Unveiling the Universe

Galileo Galilei, the great Italian astronomer and mathematician, was born on February 15, 1564. Although his ideas were condemned as heresy by the Roman Catholic Church, Galileo revolutionized man’s concept of Earth’s place in the heavens. He did so by providing strong observational evidence supporting the views of Copernicus, who said that the Sun, not Earth, is the center of the solar system.

Galileo was the first person to use an extraordinary new invention – the telescope – to examine the heavens. With his telescope Galileo discovered four bright points of light circling Jupiter. The objects were Jupiter’s four largest moons: Io, Europa, Ganymede, and Callisto.

This finding was a key piece of evidence in support of the Copernican view of the heavens. Others had argued that if Earth really orbited the Sun our Moon could not keep up.
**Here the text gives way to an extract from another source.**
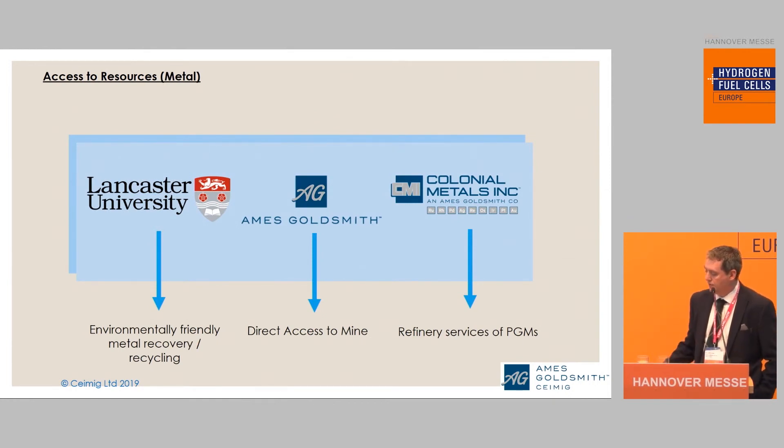Why is it important for our production techniques that we have these ongoing ventures? Because we can offer a complete turnkey system. We're looking at the recovery of MEAs and recovery of the metal, and we have direct access to those metals in the first place. Not only do we have access to these metals and have them from recycling, but we can actually refine them as well — which is obviously important for the future of the industry.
By demonstrating that other moons could orbit another planet that everyone agreed was in motion itself, Galileo disproved this notion.

Galileo also turned his instruments on Venus, our nearest planetary neighbor. Again his telescope revealed crucial evidence in defense of the Copernican view of the solar system: Venus, like Earth’s Moon, exhibits phases. If the Sun and planets orbited Earth, Venus would always appear as a crescent. But Galileo found that Venus displays both crescent and gibbous phases, meaning that it must be in orbit around the Sun.

Galileo’s work is honored and respected today, but in the seventeenth century it created major problems for the astronomer. After an appearance before the Roman Inquisition he was forced to deny his own findings and was placed under house arrest for the last decade of his life.